My desk chair was snatched from beneath me, and I was falling, falling, falling back into the deep, black well of grief. 

Landing at the bottom, I found myself there, nine months ago on orientation day, wearing my lucky purple scarf and gray blazer. I had my great love, my great job, and what was turning into a pretty great fucking life. There was a ring tucked in an underwear drawer and a future down the street at the capitol. I turned the taste of my title over in my mouth and held his beaming proud kiss against my lips. Sean used to call me “Little Ms. All The Things,” because I wanted all the things. And that day, I got them. I had all the things. The little things like the warmth filling my stomach as I lovingly wrote Sean’s name on each beneficiary form and in each emergency contact section. It was the feeling that I would write his name on every form forever thereafter, the only change would be my last name. It was the catalog I was building for him in my head of the day’s details—the view of the capitol’s golden cupola against the mountains, the colors of the 12th floor carpet, the jeans my supervisor wore. And it was the big things. Like the joy I knew he shared with me over this job. The gratitude and astonishment I had that he’d believed in me for all those long, jobless months—long after I stopped believing in me. God, he was so proud of me, and I understood that all future joys would be exponentially expanded as a shared joy. 

I would not ruin that day for her or even me. I would not take it away with any dark foreshadow. I am glad I had that day, but I would also weep at that girl’s feet. She is so tragic, and she has no idea. She doesn’t know that on a hot Thursday, she will sit at the deli and let tears slip conspicuously beneath her sunglasses because she realized she has to change every fucking HR document, deleting that great love with the ring in his underwear drawer from her personnel file. She does not know how she will master the art of walking with her head down to hide the tears or how to dig her fingernails into her palms when she can’t cry in a meeting. She doesn’t know these tricks or know that she needs to know these tricks. She is hundreds of kisses and caresses away from this moment, and I love her for that. I love her as I cannot love me in this moment. Because I am unable to behave. I am unable to walk back into that office and sit at my desk like my heart is intact. Pretend that I don’t have a gaping wound where my heart was. That the fragile scab didn’t just get ripped off 68 minutes ago. 

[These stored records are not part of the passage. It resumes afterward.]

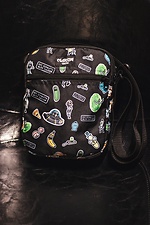 Black patterned messenger bag Custom Wear 8025473 photo №1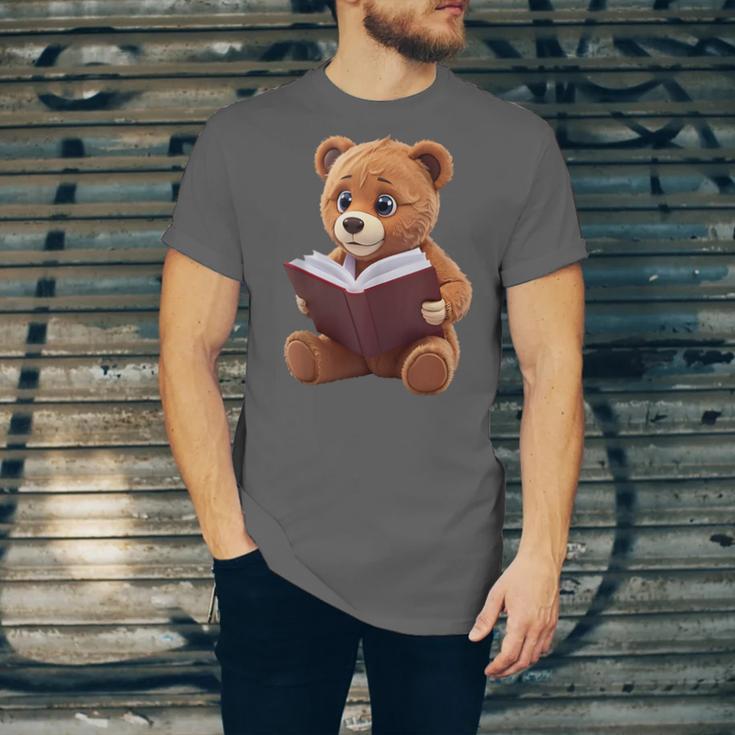 Teddy Bear Reading a Book Unisex Jersey T-Shirt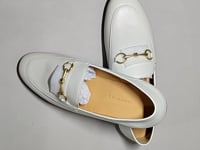 [442]GG    Women's white bit-strap loafers, high-end feel, slip-on flat shoes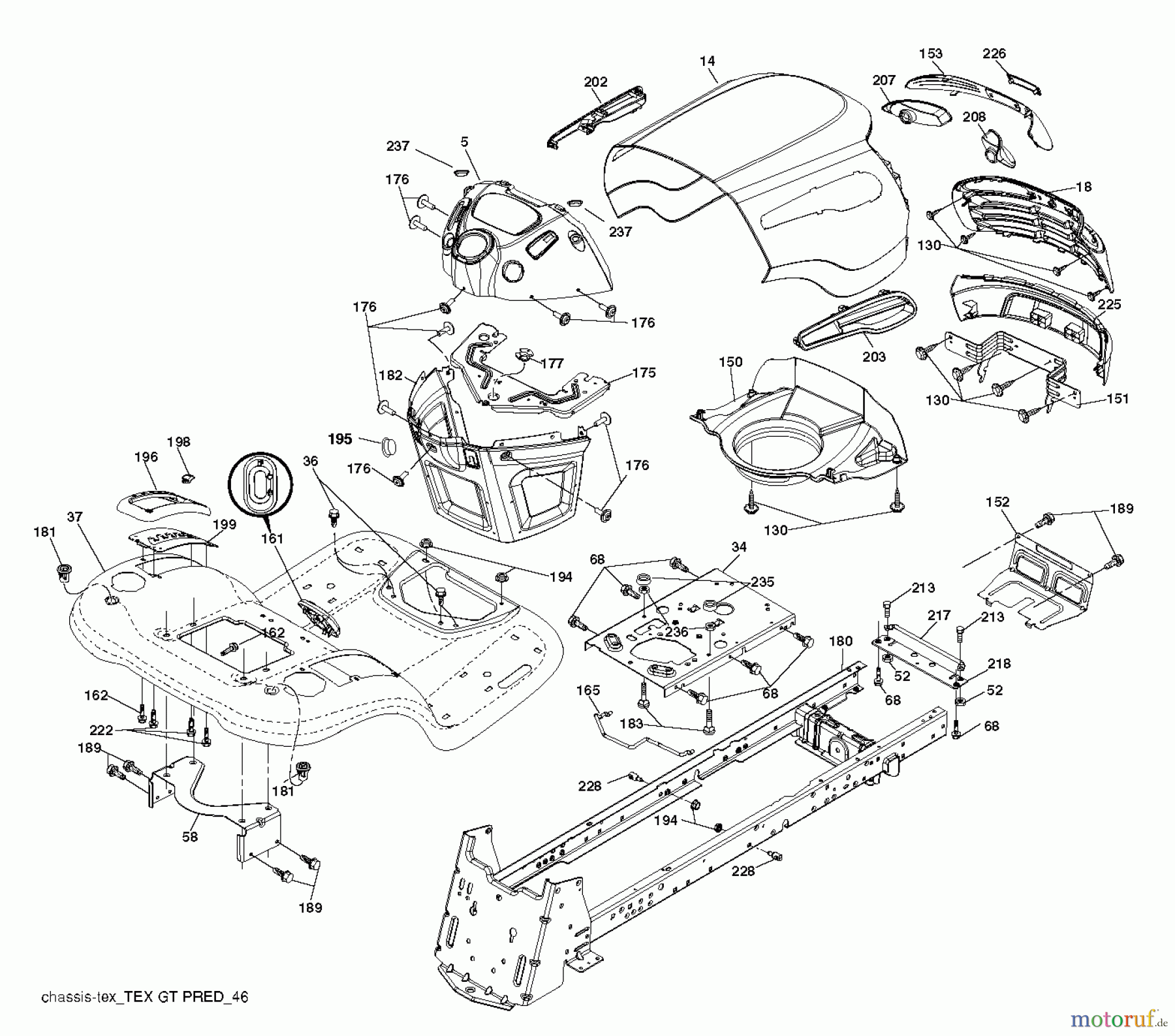  Jonsered Rasen  und Garten Traktoren LT2227 A2 (96041014601) - Jonsered Lawn & Garden Tractor (2011-04) CHASSIS ENCLOSURES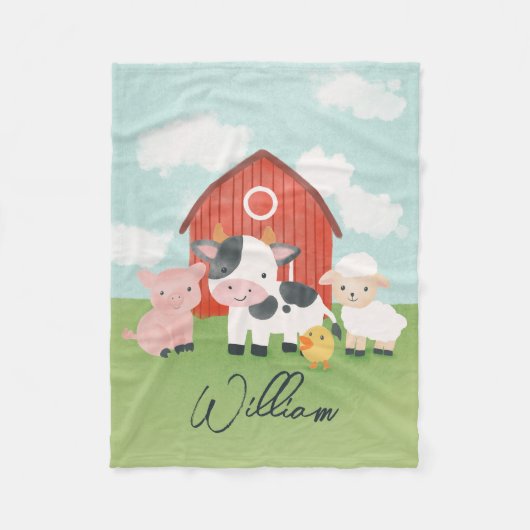 Boerderij Dierentuin Kinderen Fleece Deken (Voorkant)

I will instead have to walk into my supervisor’s office. Negotiating whether I do the sunglasses inside or the hurried walk and avoided eye contact trick. I like to mix them up. And, I will have to do my best to not cry as I explain to her that I’m going to have to work from home for the rest of the day. Because HR emailed, and I am not the girl who wore her lucky purple scarf and a gray blazer. I am not the girl who had all the things.